Singapore GP is a private company owned by Ong Beng Seng, one of the city-state’s richest men. The government helps with 60 percent of the cost of the organization.
Next year’s race will be Singapore‘s last if the city-state cannot reach a new deal with F1.
Singapore‘s tourist arrivals have been on the rise. In the first eight months of this year, before the F1 race, the number of visitors was up 10.3 percent from the same period of 2015, at 11.3 million.
The sector is seeing a structural shift away from heavy spenders and towards the emerging middle classes of China, India and Indonesia, analysts say.
Singapore‘s tourism receipts in the first half of the year grew 12 percent to S$11.6 billion ($8.13 billion), driven mainly by shopping, accommodation and food and beverage, which offset a fall in sightseeing, entertainment and gaming.

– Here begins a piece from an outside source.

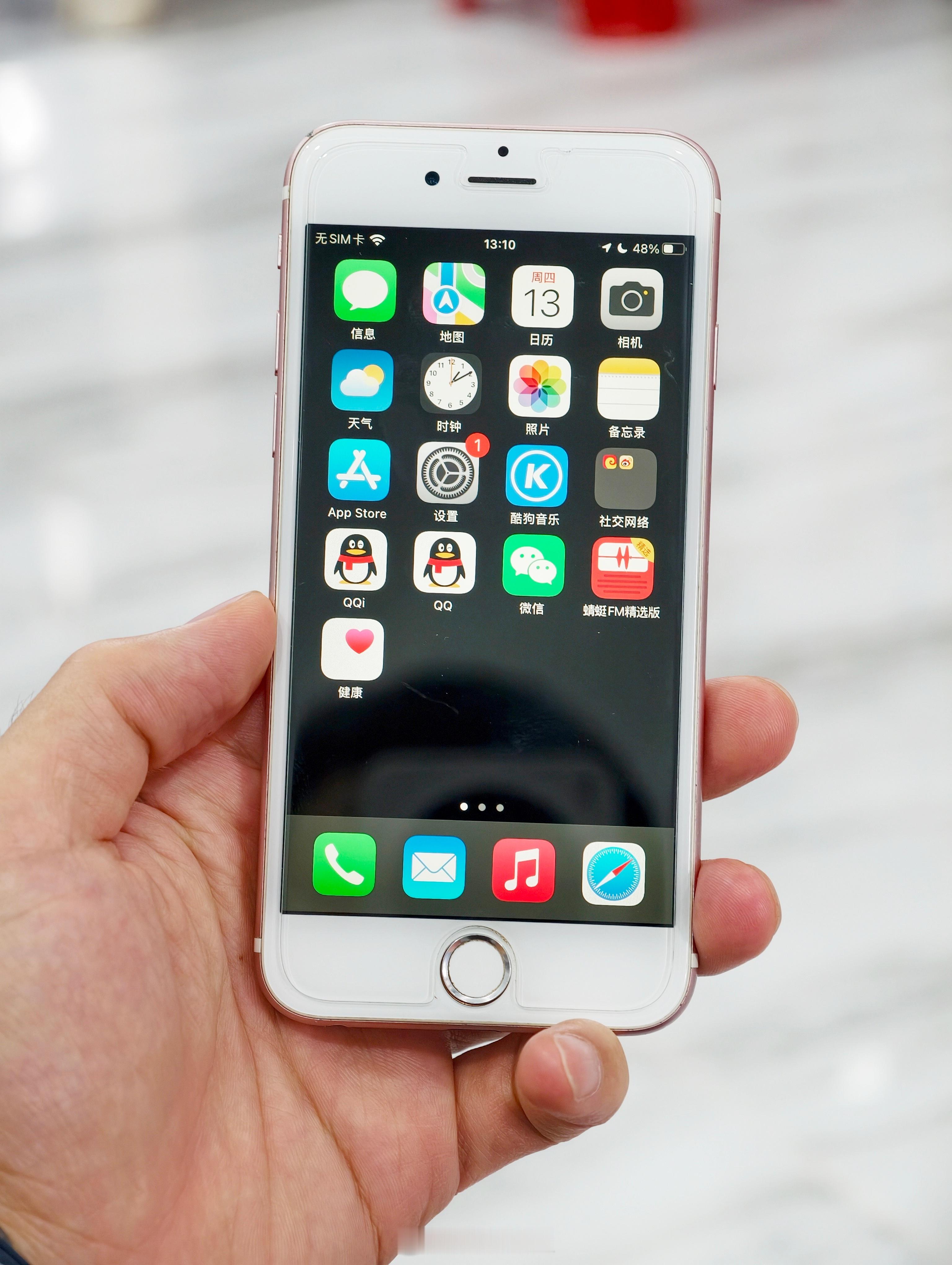 刚刚拿出iPhone 6s充电，发现手感是真的好！ 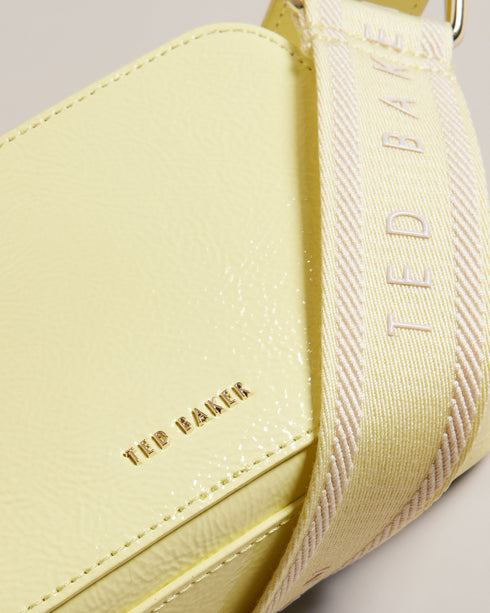 STUNNIE-Bags-It's all in the details: Camera bag Top grain leather Two zip compartments Adjustable and removable webbing strap Logo hardware Slip pocket Dimensions: 17cm x 11 cm x 5cm- Ted Baker Romania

Trinh Nguyen, a senior economist for emerging-market Asia at French investment bank Natixis SA (NTXFY) in Hong Kong, said the recent drop in F1 attendance may be a sign that the novelty of the event is wearing off, and may also be a reflection of weak regional growth.
“It (F1) also comes with costs. Thus, with tourism receipts (from F1) waning the cost benefit calculus is tipping in the other direction,” Nguyen said.